Disk snapshots dissapearing #2687

tkald · 2018-12-05T18:57:40Z

Description
Somewhere after upgrade to One 5.6 my vm disk snapshots on Ceph storage started to misbehave.
Previous disk snapshots taken with one 5.4 are overwritten by new snapshots - snapshot index at least starts with zero index angain.

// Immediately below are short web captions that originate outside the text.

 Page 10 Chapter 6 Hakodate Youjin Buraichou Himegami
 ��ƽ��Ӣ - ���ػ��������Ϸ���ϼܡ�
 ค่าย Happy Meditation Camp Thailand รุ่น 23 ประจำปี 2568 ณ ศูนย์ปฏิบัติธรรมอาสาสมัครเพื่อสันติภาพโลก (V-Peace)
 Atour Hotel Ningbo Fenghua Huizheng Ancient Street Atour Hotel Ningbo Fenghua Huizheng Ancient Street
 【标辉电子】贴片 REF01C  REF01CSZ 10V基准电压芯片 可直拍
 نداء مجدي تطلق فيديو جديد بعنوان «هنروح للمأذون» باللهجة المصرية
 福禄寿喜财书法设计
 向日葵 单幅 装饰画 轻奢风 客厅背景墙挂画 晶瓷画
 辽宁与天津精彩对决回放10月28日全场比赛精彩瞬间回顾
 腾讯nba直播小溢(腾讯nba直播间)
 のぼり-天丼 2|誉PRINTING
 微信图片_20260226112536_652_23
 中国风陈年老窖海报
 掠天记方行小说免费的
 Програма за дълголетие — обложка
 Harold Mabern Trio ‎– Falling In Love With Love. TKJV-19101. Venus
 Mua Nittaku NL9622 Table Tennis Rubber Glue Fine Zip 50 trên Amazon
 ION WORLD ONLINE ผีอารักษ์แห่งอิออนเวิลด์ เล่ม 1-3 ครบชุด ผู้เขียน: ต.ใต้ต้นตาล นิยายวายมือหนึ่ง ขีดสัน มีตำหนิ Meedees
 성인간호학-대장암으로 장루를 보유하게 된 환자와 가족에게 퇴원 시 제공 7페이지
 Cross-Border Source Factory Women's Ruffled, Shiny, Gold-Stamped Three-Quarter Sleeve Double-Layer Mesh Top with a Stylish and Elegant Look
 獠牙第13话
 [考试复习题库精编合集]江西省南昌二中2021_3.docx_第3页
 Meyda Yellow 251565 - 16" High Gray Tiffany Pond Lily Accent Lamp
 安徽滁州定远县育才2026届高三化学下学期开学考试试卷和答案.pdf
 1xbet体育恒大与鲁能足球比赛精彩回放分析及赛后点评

Sometimes also double snapshot indexes.

Snapshots taken with one 5.2 disappear completely from sunstone if I try to make new snapshot with one 5.6
Before taking a new disk snapshot:

And after

Also I'm unable to take any new disk snapshots on that disk image.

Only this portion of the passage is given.